Pertemuan yang dihadiri kurang lebih seratus orang itu berlangsung di lokasi tanah adat Pambalan Tongkonanna Ne’ Isi Nasiossoi’ Puang Ne’ Menteng (Pallawa Gau’) Palembangan, Minggu (2/6/2024) sore.
Diketahui bagi orang Toraja tanah tongkonan adalah kawasan yang merupakan hak bersama dan dikuasai oleh masyarakat adat, dimana semua warga tongkonan mempunyai hak yang sama terhadap tanah tersebut berdasarkan suatu pertalian keturunan. Tidak terbaginya kepemilikan tanah karena merupakan simbol persatuan keluarga.
Pada aksi tersebut, rumpun keluarga besar menyatakan aksi menolak dengan tegas dan keras sertifikasi lahan diatas hak ulayat Tongkonan Pambalan sebagai bentuk perlindungan masyarakat hukum adat.
Sebab dalam adat Toraja, sertifikasi tanah ulayat tidak sesuai dengan hukum adat dan bertentangan dengan Undang-undang.
Dihadiri para tokoh adat, tokoh masyarakat, masyarakat setempat, pemuda dan lembaga adat Kecamatan Sa’dan yang mengambil peran menyampaikan aspirasi dan menjelaskan langsung silsilah keluarga Tongkonan Pambalan.
Menurut pihak keluarga, Tongkonan Pambalan adalah tongkonan layuk yang didirikan nenek moyang (leluhur) yang merupakan tongkonan tertua di Sa’dan Matallo maupun Kecamatan Sa’dan, dibangun pada zaman penjajahan sebelum Indonesia merdeka tahun 1945.
“Tanah Tongkonan tidak ada sertifikat, ada hak dan kewajiban bagi anak hingga cucu-cucu, tongkonan disini (Pambalan) sudah 17 generasi,” ucap salah satu Pemangku Adat, Matius Padalingan juga keluarga tongkonan.

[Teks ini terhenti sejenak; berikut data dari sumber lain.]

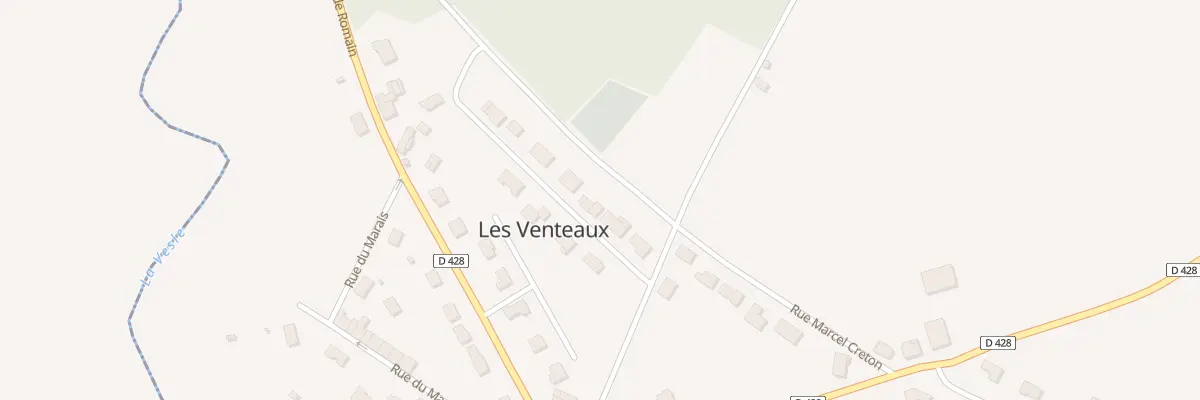 Plan du 6 Rue Henriette Pouillier à Montigny-sur-Vesle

Mewakili keluarga dan masyarakat di Sa’dan Matallo, Matius menjelaskan ada oknum disekitar yang sangat tidak menhargai tongkonan dan tanah adat, mengandalkan status jabatan dalam sebuah lembaga pemerintahan.
Ia menjelaskan oknum tersebut berbagai cara dilakukan agar kawasan tanah adat diterbitkan sertifikat tanah atas nama oknum yang memiliki hubungan keluarga dekat dengan salah satu pejabat di Toraja Utara.
“Dua kali kami bersurat ke kelurahan tidak pernah hadir, kami hadir sebagai lembaga adat di kantor Badan Pertanahan Nasional (BPN) Toraja Utara menjelaskan silsilah tanah adat yang bersangkutan juga tidak hadir,” ungkapnya.
Lanjut Matius, bahkan saat audiens di kantor BPN Toraja Utara beberapa saat lalu, ada dua wartawan diusir keluar ruangan dan dilarang menyimak pembicaraan.
Masyarakat Tongkonan Pambalan menduga ada oknum pejabat di Toraja Utara yang mendesak BPN menerbitkan sertifikat tanah yang luasnya kurang lebih 2 hektare tanpa melalui musyawarah atau duduk bersama keluarga besar dan para lembaga adat.
“Sepanjang saya hidup dan berumur saat ini, belum pernah adat suatu permasalahan tanah adat yang melewati kami, tidak menghargai kami sebagai keluarga dan jangan ada sabotase dalam upaya membuat sertifikat,” kata Matius.
Pihaknya hanya menginginkan keadilan, ketenangan dan ketentraman bagi tongkonan dan tidak ingin diobrak abrik pihak tertentu yang sudah ditolong dan sekarang menghianati rumpun keluarga besar.
“Laporan kami ditolak BPN dan ada sesuatu terselubung, tidak pernah lewat masayarakat adat setempat untuk menyelesaikan masalah, maka kedepan kami akan bersuara ke gedung DPRD Toraja Utara untuk mencegah pengadaan sertifikat di tanah leluhur kami,” kunci Matius.
Diketahui permasalahan tanah adat Tongkonan Pambalan sudah bergulir sejak April 2024 dan terjadi penolakan pihak keluarga saat pengurusan pembuatan sertifikat yang mana beberapa Kepala Dusun setempat diminta untuk bertanda tangan oleh oknum tertentu namun menolak.